When the basic principles stated above are applied to actual research studies, however, the distinction between 'measured' and 'derived' values is often unclear and open to debate. This is particularly true in the case of electronic instrument-based measurements, which are increasingly prevalent in modern science. The ultimate decision about what constitutes 'data' or 'calculations' and what information to submit rests with the investigator, but contributors are encouraged to consult with the Information Manager prior to submitting data for the first time to discuss appropriate strategies for classifying and documenting each parameter. 

When to Submit
The Coweeta LTER Data Policy states that researchers shall submit data no later than six months after the end of each field season.
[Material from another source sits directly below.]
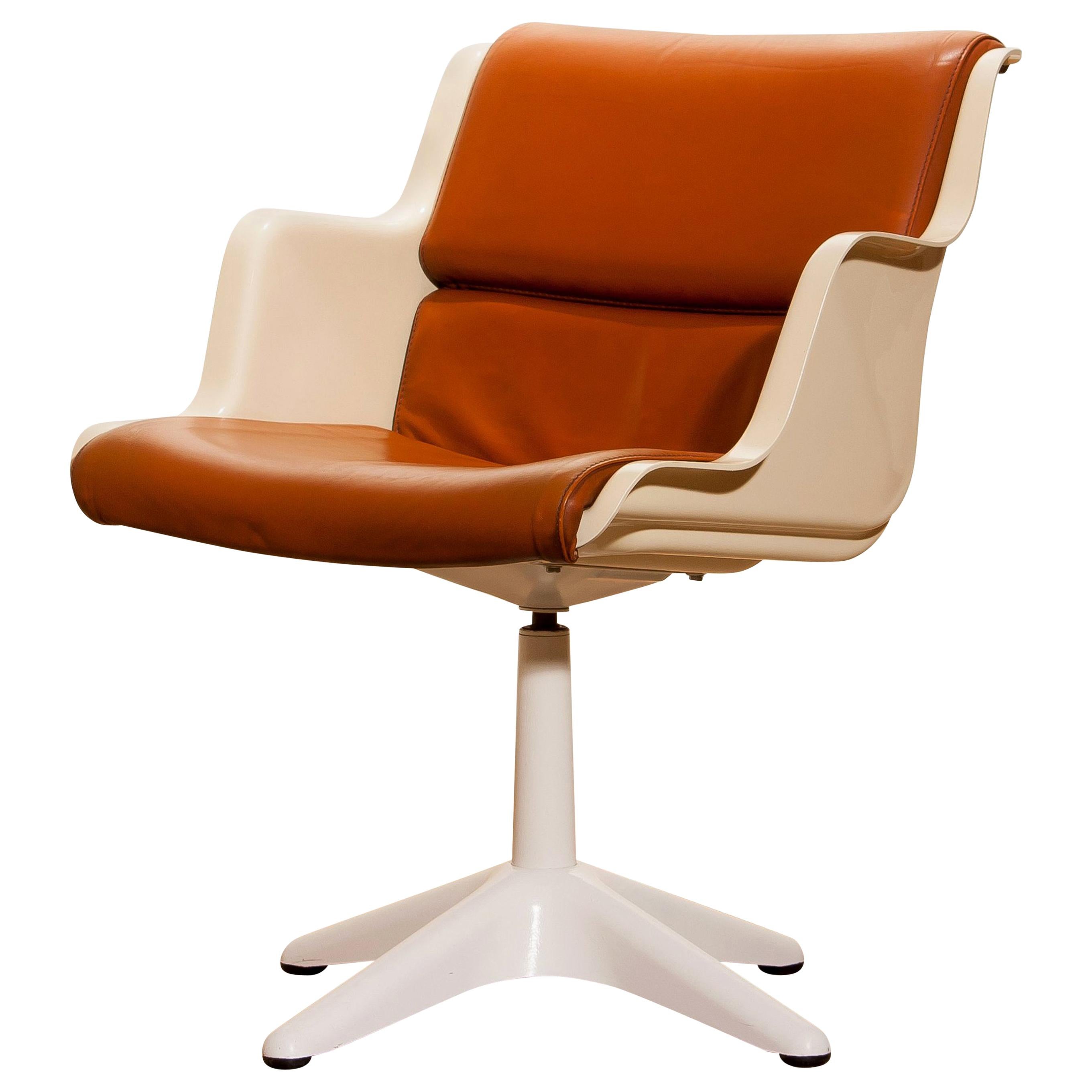 1970s, White Leather / Fibreglass Desk Side Chair by Yrjö Kukkapuro for Haimi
While the policy also states that data may not always be made public until some point well beyond the initial submission date, the policy does require the data to be documented and archived after each season. Data should always be submitted at the investigator's earliest convenience, to minimize the possibility of information loss as memories fade, data sheets become misplaced, and workers move on to other projects. Time frames for data release (see Data Access) will be honored regardless of when the data are actually submitted. 

How to Submit
Investigators are strongly encouraged to schedule a meeting with the Information Manager prior to preparing their data and documentation for initial submission. Many potential content and formatting issues can easily be avoided, saving everyone time and trouble. Specific guidelines for preparing data for submission are presented in the Data Format Guidelines and Data Documentation sections of the IM Guide.

The first step will be the completion of data documentation via the data submission form. The CWT Data Submission Form is a self-contained excel spreadsheet for submitting and documenting each data table in a single file. Please submit one form for each data table file. It is permissible to associate multiple tables with a single data set designation. The CWT Data Submission Form comes with form completion instructions. However, if you need assistance, or if you are providing a relational database or geodatabase, please contact the Information Manager for assistance.

Once formatted and documented, data files and documentation can be sent to the Information Manager via email (cwtim@uga .edu), with data and metadata packaged together in one or more zip files.

After your submission is received, the Information Manager will contact you to confirm any incomplete or missing details, discuss any requests for post-processing analyses, and establish a time frame for returning processed files for review. An on-line submission system is slated for development the third quarter of 2011.